Monday, December 01, 2014

Christmas - I

Every couple of years, a question comes up about celebrating Christmas. And I think through the latest reasons why not. (NOTE: I recognize that there are three topics I want to mention in this area. So, that the post is not the size of a dictionary, I am splitting it up into three posts.)

Recently, I read an explanation by one person -- a follower of Jesus -- about why his family does not celebrate Christmas. He mentioned several detailed reasons, but they could all be lumped into Christmas is cultural, not biblical. Its practices are pagan, not biblical.

And that is true. There is no "thou shalt celebrate Christmas." There is no "thou shalt hang stockings from the chimney with care." Christmas trees are possibly a druidic practice. (I have heard other stories too.) But, there is also no Easter, no Thanksgiving, no Labor Day, Memorial Day or Independence Day. (Thanksgiving is in the Bible, just not a day for it. The reason for Easter is in the Bible. So is the reason for Christmas.) There are holidays in the Bible. Should we be celebrating Passover and the Feast of Booths?

If "Christian" holidays have pagan elements, and we should not celebrate them, what about other elements of Christian practice that have pagan origins? (And I recently ran across a book that lumps Easter, and perhaps others, into this bucket. I haven't read the book -- just a short synopsis -- so I don't know all his reasons.)
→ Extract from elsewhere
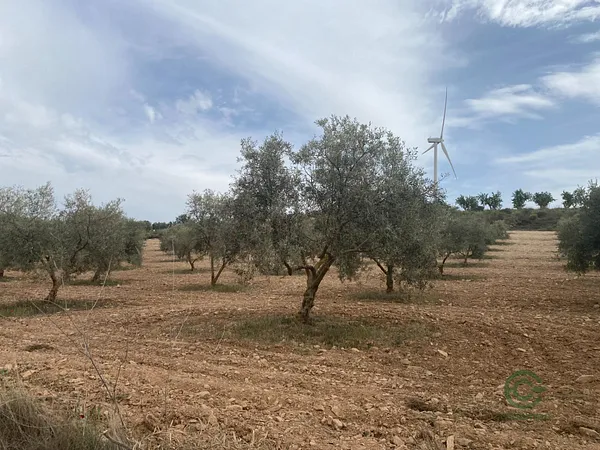 Spot image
The first century church did not have special buildings. They met on homes. They met in the sewers and catacombs of Rome. There is no command to the church "thou shalt build for me a special building to worship therein." Yes, there was a temple in the Old Testament. But God did not command it to be built.  (He did command the tabernacle to be built.) One morning David woke up and said, "I live in a really cool house, but the people worship in a raggedity old tent. I should build a temple to honor the Lord." And what was God's response? "I never commanded anyone to build a temple for me. But this desire reveals your heart, that you desire to honor me before the world. Go ahead. Knock yourself out."

No Christian building was created until Constantine became the Roman emperor.  He commissioned Christian "temples" to be built.  Because that's what you did to honor the god you worship. (There is no definite information that Constantine became a follower of Jesus. Many believe he just gave lip service to the Creator of All, like he did the other gods. )

With the buildings, other practices were introduced. They created an order of worship. There is no order of worship in Scriptures. There are encouragements about things to do and how to do them. But there is no where in Scripture that says you have to sing, pray, teach, collect the tithe or give announcements. There is also no where that says it is wrong to do any or all of them.

The Bible does say we should practice baptism and the Lord's supper. There is no instruction about frequency.  There is no instruction about methods. Should the bread be unleaved, rye or whole wheat? Should the wine be red, white or nonalcoholic? Big cup? Little cups?  Intinction?

At one point, a Greek philosopher said that a person was not cool unless he could orate well. The better the delivery, the cooler the person.  The church has accepted this "pagan tradition" to the point that churches are graded based on the delivery of one person. Decisions to participate/identify with part of God's family is based, often, on the performance of one person, one time. Judgments of the worth -- maturity,  character,  fruit, spiritual effectiveness -- of part of God's family are based on the performance of one person. (There was obviously instruction given. However, the focus dwells too much on the "glitz" factor, and not enough on the accuracy and relevance of the information.)

Scripture says leadership in God's family is based on character, faithfulness to God,  and effectiveness with people. Now, there is an assumption that getting a particular type of training qualifies someone to lead God's people. Such training might qualify someone to be an accountant or a programmer, but not to guide people to live in love and faith.

Church government was organized more along the lines of an extended family, using consensus and wisdom of experienced people.  Many churches are organized and governed with ideas from the Roman Empire and modern business.  In Scripture,  one man is not given the authority to run the whole show or define the vision.

The point of part I is simply: if we are going to get rid of stuff in the church that has its origins or outward expressions in pagan culture, we will need to go a lot further than just which holidays and how to celebrate them.